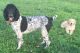 Poodle Puppies for sale in Randleman, NC 27317, USA. price: NA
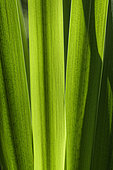 Leaves of Paleyellow iris (Iris pseudacorus), marsh iris or false acore iris, in backlight.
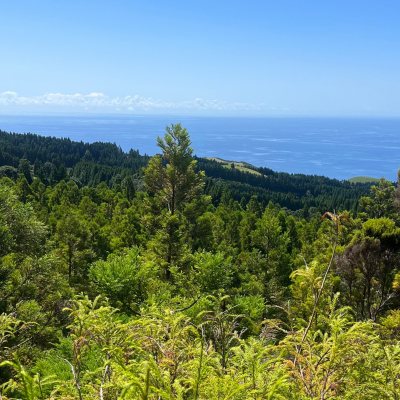 voyage de noces éco-responsable au Portugal randonnées et plages en van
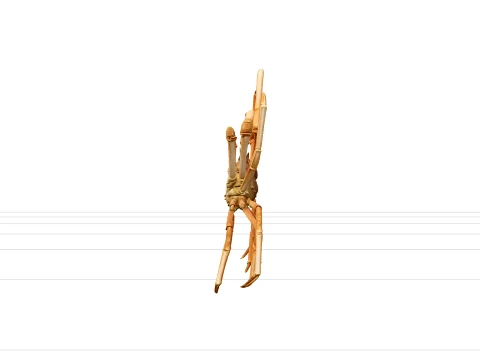 Japanese Spider Crab High Detail Model for Games and VR 3D Model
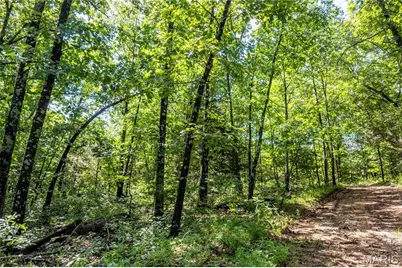 119 Ac N State Highway 47, Warrenton, MO 63383 - Photo 5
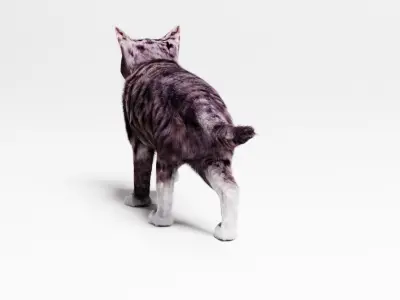 Domestic Cat  3D model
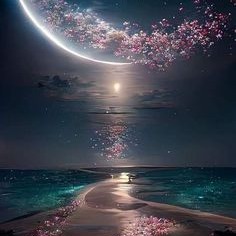 Photo de Michèle CHANUT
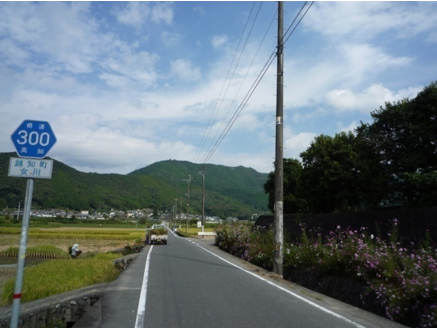 写真10 越知盆地の電信柱の洪水水位標識(2008年10月井上撮影)
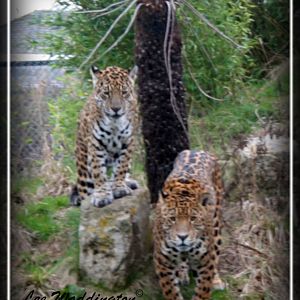 Jaguars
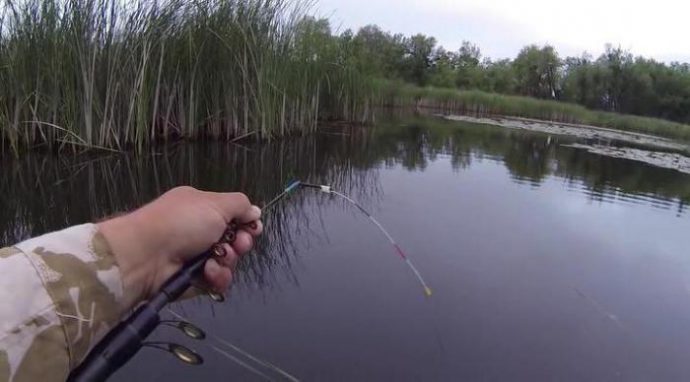 Catching on a side nod: fishing technique and making tackle with your own hands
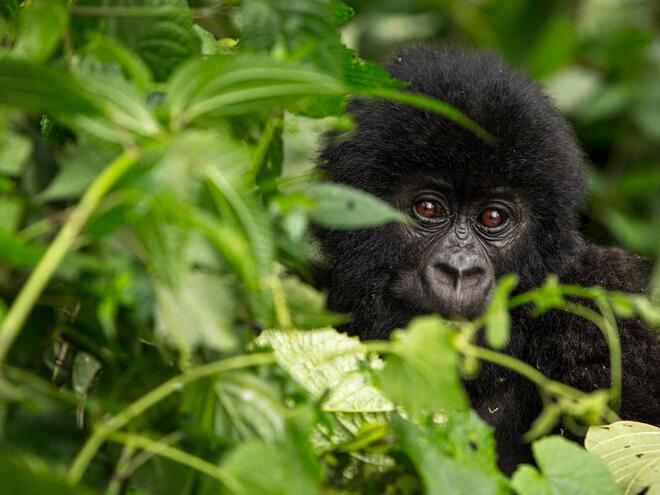 A baby mountain gorilla in the Virunga National Park looks through green leaves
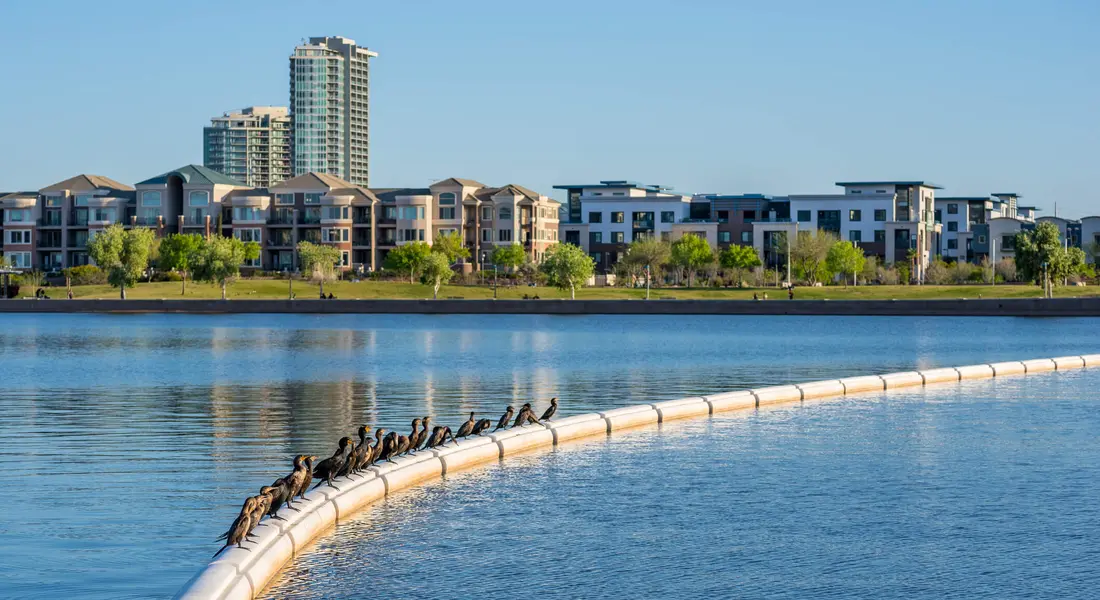 Tempe AZ Condos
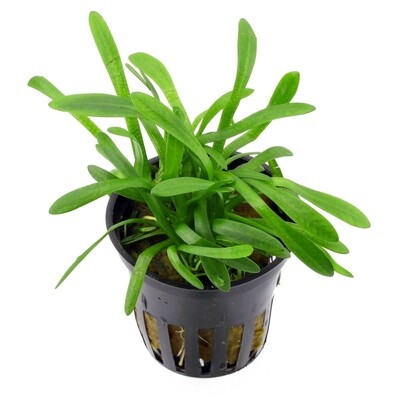 Sagittaria Subulata Vasetto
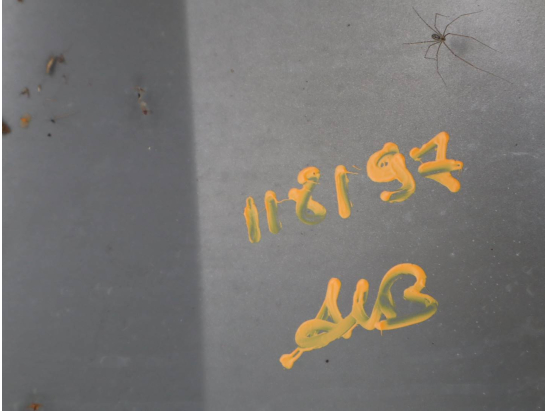 Aile avant droite occasion HONDA JAZZ I Phase 1 - 1.2i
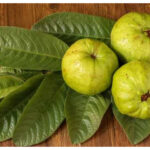 Rutin Minum Jus Jambu Biji Disebut Bisa Cegah Anemia pada Wanita, Ini Penjelasannya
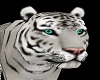 M / F white Tiger Pet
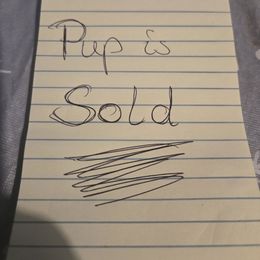 Mrs Purple - Chocolate and tan female Yorkshire Terrier puppy in Dover, Delaware from Lewis Precious Paws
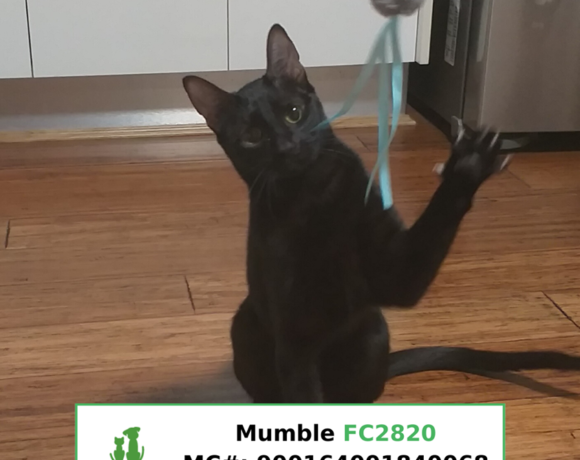 mumble chat invisible
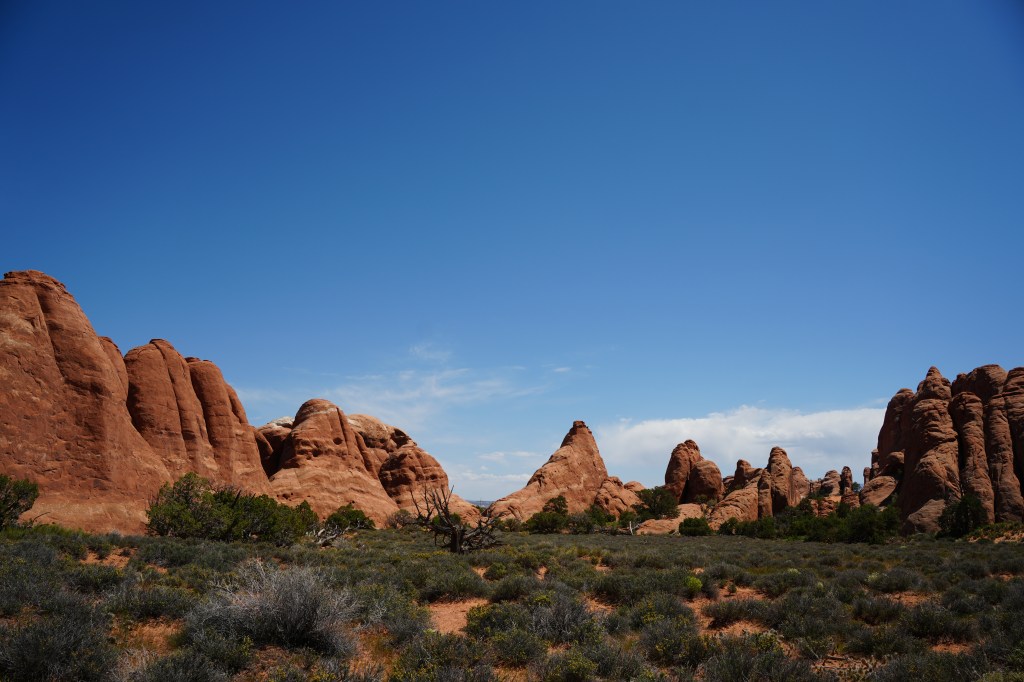 Scenic view of red rock formations under a clear blue sky, with desert vegetation in the foreground.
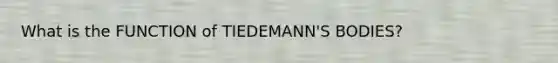 What is the FUNCTION of TIEDEMANN'S BODIES?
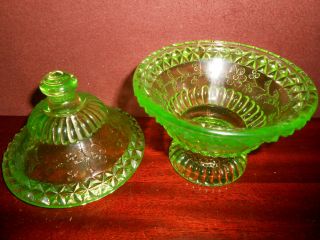 Green Vaseline glass wildflower pattern Covered Candy dish / butter uranium bowl 6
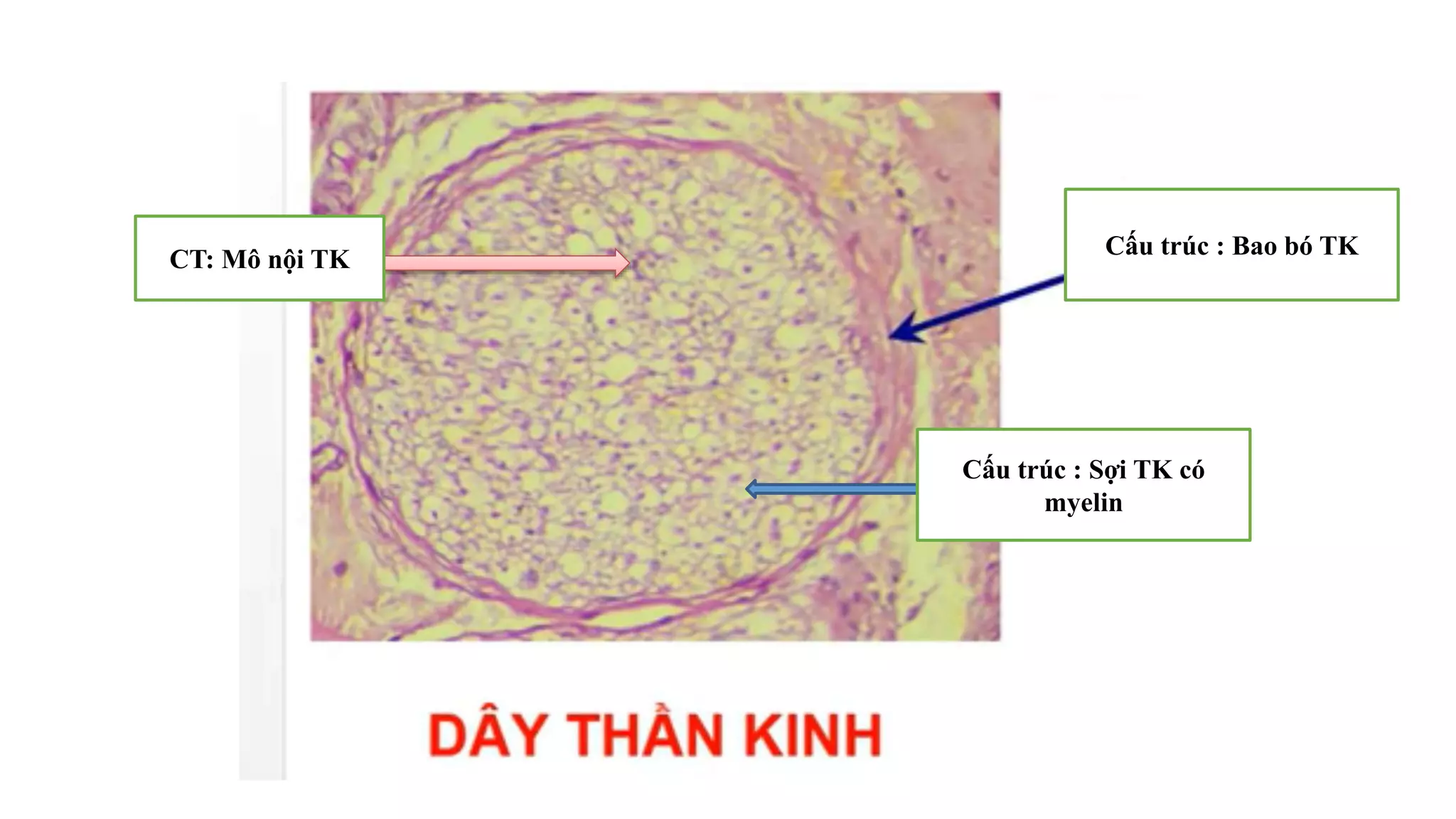 Thực hành Mô phôi | PPTX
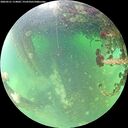 ./images/calvert/underwater/20260521/underwater20260521_114002M.jpg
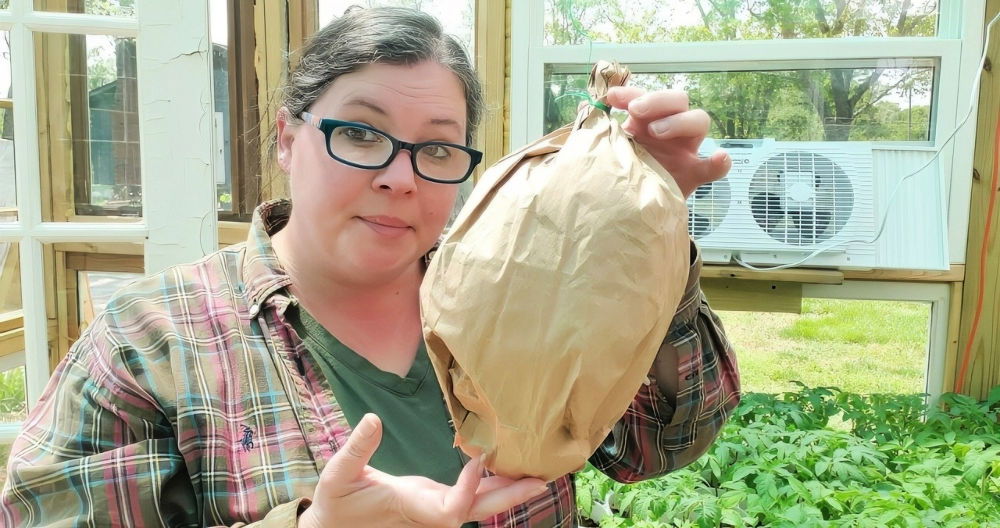 How to Make a DIY Fake Wasp Nest
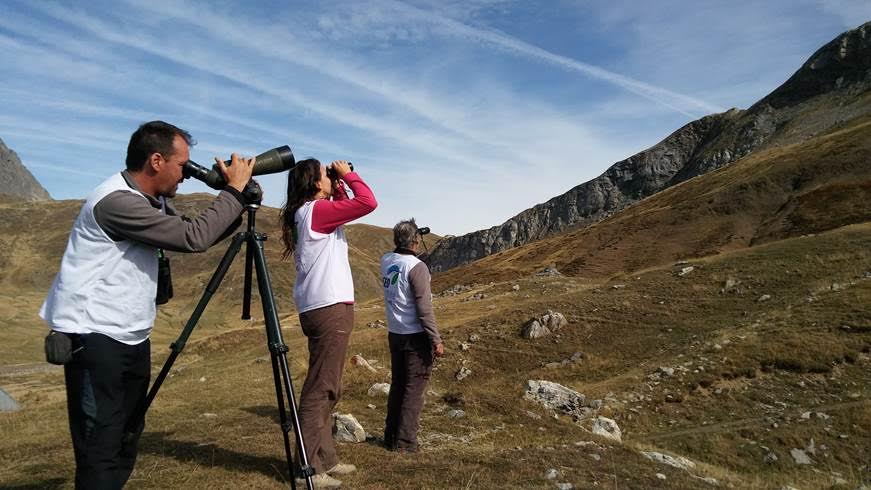 El Gobierno de Navarra participa en un proyecto transfronterizo de seguimiento de aves migratorias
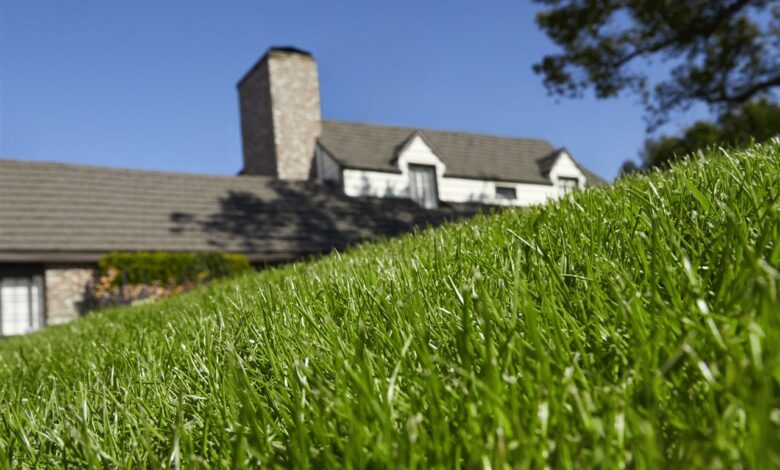 Are you making these 5 common spring lawn care mistakes?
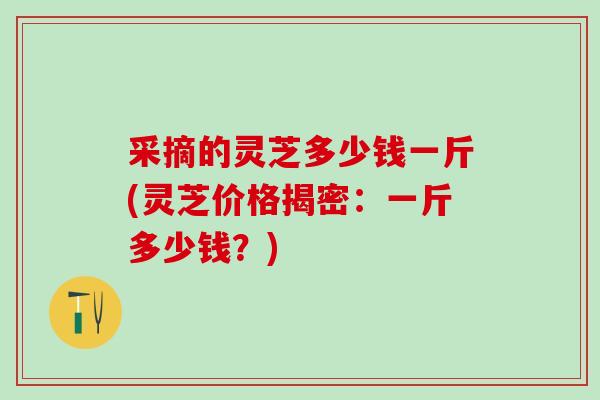 采摘的灵芝多少钱一斤(灵芝价格揭密：一斤多少钱？)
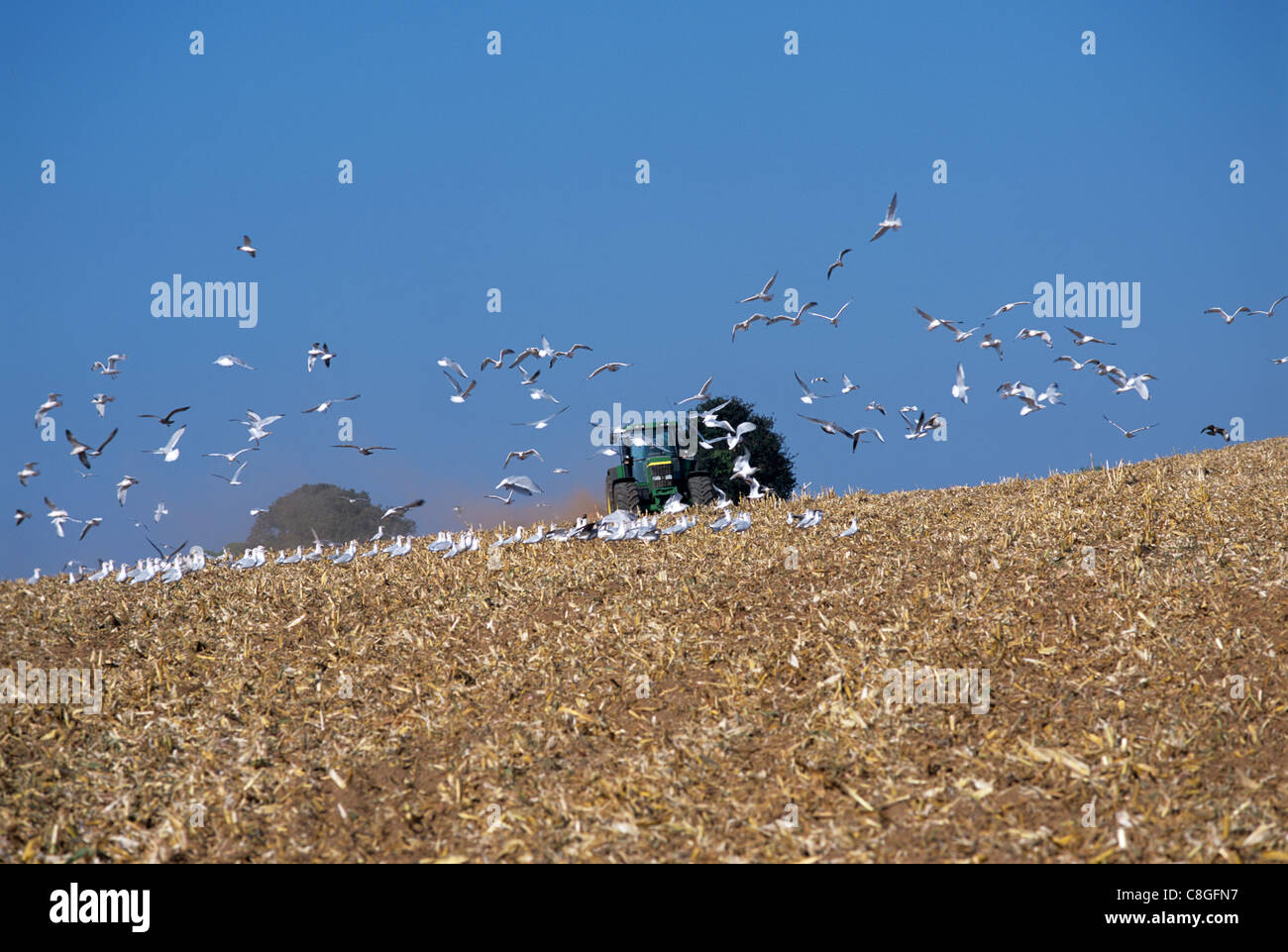 Disque maïs John Deere hersage de chaume avec les mouettes Banque D'Images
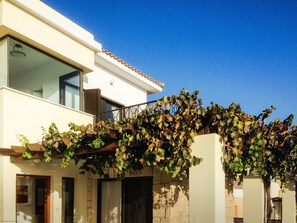 Grape Vines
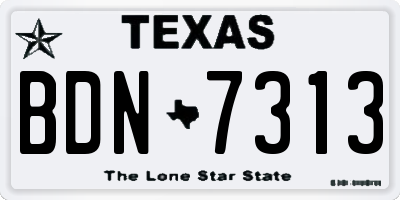TX license plate BDN7313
##############################
# What the task asks:
Return all material verbatim, pictures omitted.

# Exercise output:
 Poodle Puppies for sale in Randleman, NC 27317, USA. price: NA
 Leaves of Paleyellow iris (Iris pseudacorus), marsh iris or false acore iris, in backlight.
 voyage de noces éco-responsable au Portugal randonnées et plages en van
 Japanese Spider Crab High Detail Model for Games and VR 3D Model
 119 Ac N State Highway 47, Warrenton, MO 63383 - Photo 5
 Domestic Cat  3D model
 Photo de Michèle CHANUT
 写真10 越知盆地の電信柱の洪水水位標識(2008年10月井上撮影)
 Jaguars
 Catching on a side nod: fishing technique and making tackle with your own hands
 A baby mountain gorilla in the Virunga National Park looks through green leaves
 Tempe AZ Condos
 Sagittaria Subulata Vasetto
 Aile avant droite occasion HONDA JAZZ I Phase 1 - 1.2i
 Rutin Minum Jus Jambu Biji Disebut Bisa Cegah Anemia pada Wanita, Ini Penjelasannya
 M / F white Tiger Pet
 Mrs Purple - Chocolate and tan female Yorkshire Terrier puppy in Dover, Delaware from Lewis Precious Paws
 mumble chat invisible
 Scenic view of red rock formations under a clear blue sky, with desert vegetation in the foreground.
 What is the FUNCTION of TIEDEMANN'S BODIES?
 Green Vaseline glass wildflower pattern Covered Candy dish / butter uranium bowl 6
 Thực hành Mô phôi | PPTX
 ./images/calvert/underwater/20260521/underwater20260521_114002M.jpg
 How to Make a DIY Fake Wasp Nest
 El Gobierno de Navarra participa en un proyecto transfronterizo de seguimiento de aves migratorias
 Are you making these 5 common spring lawn care mistakes?
 采摘的灵芝多少钱一斤(灵芝价格揭密：一斤多少钱？)
 Disque maïs John Deere hersage de chaume avec les mouettes Banque D'Images
 Grape Vines
TX license plate BDN7313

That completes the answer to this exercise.